Check out a recent post, “New initiative to help with discovery of dataset use in scholarly work” by Christian Zimmermann on the RePEc blog.
TLDR: RePEc now takes annotations of research papers then asks authors to confirm dataset annotations inferred by machine learning models. That’s a human-in-the-loop approach for enhancing metadata used in scholarly infrastructure. It’s part of a larger AI research effort called Rich Context.

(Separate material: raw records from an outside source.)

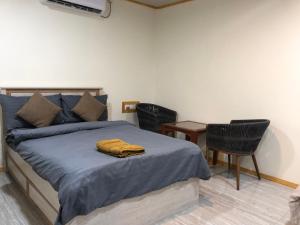 a bedroom with a bed with two chairs and a table at Rashuthere Maldives in Rasdu +111 photos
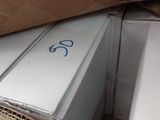 a cardboard box full of boxes with a pair of scissors on it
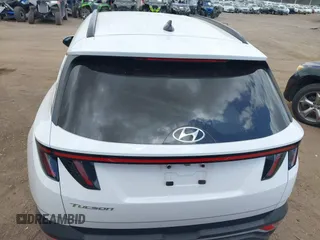 2022 Hyundai Tucson SEL z VIN 5NMJF3AE2NH062926, wystawiony jako IAAI lot #41969902 z przebiegiem 41 882 mil mil oraz . Historia ofert i sprzedaży dostępna na DreamBid. Obrazek 16.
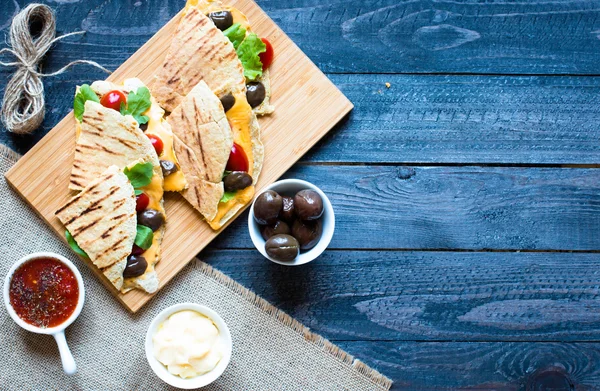 Delicious veggie quesadillas with tomatoes, olives, and cheddar cheese in a colorful dish over a wooden — Stock Photo, Image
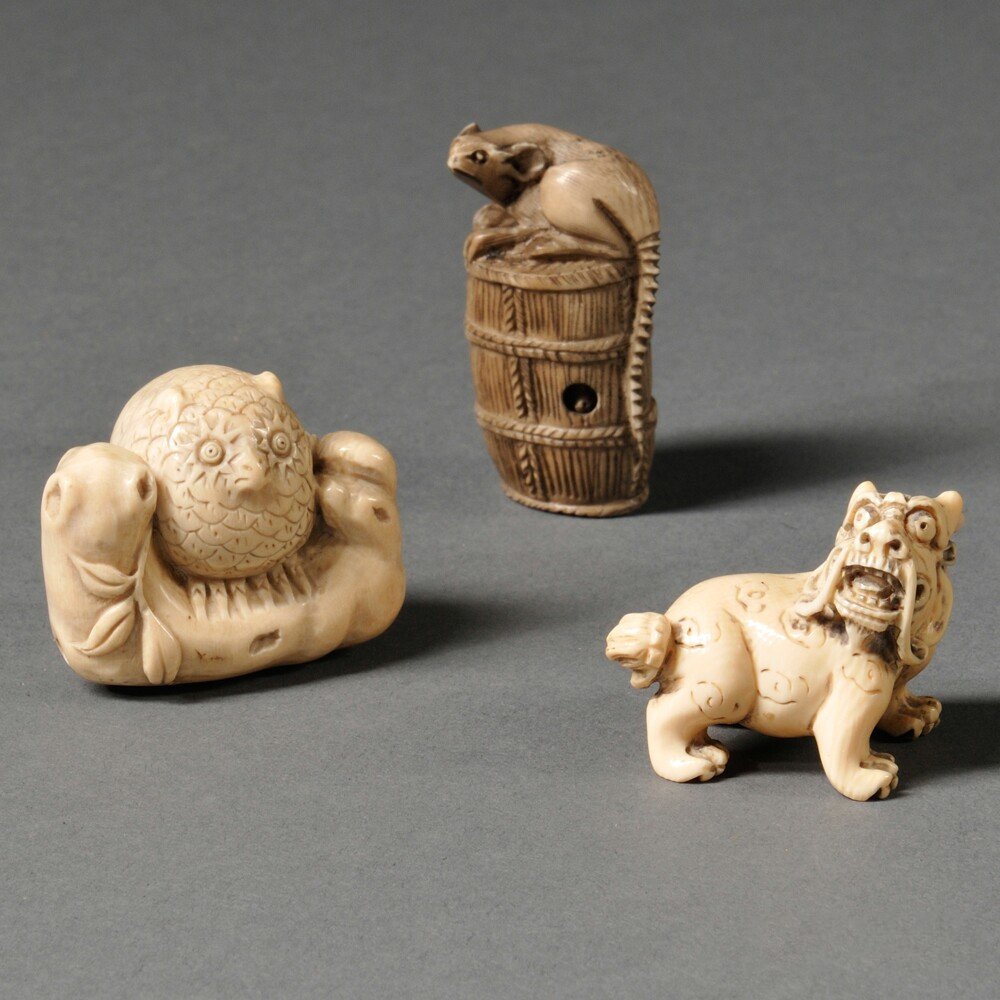 Three Ivory Netsukes, Japan, 20th century, an owl, a: Three Ivory Netsukes, Japan, 20th century, an owl, a lion, and a mouse on a barrel of sake, ht. to 2 in.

Selected tweets about this work:
RePEc is a decentralized bibliographic database for research in Economics and related fields, which provides search for working papers, journal articles, books, and software components. The collected metadata and services are all maintained by volunteers, across more than 100 countries. RePEc has a reputation for incorporating a broad range of works — providing RePEc handle unique identifiers even in cases where those works do not yet have a DOI assigned. RePEc fosters a close relationship with many authors and works to gather feedback directly from them to correct and enrich the collected metadata.
NYU Coleridge Initiative
The partnering mentioned in the article is a collaboration with the NYU Coleridge Initiative. In particular, the Rich Context project by Coleridge Initiative focuses on knowledge graph representation and inference for metadata about datasets from federal agencies. These datasets get used in social science research for evidence-based policymaking. The knowledge graph work incorporates metadata about: datasets, research publications, authors/researchers, research projects, data stewards, data providers, subject headings mesh, and so on. See figure 2 below for a visualization of entities represented in the graph.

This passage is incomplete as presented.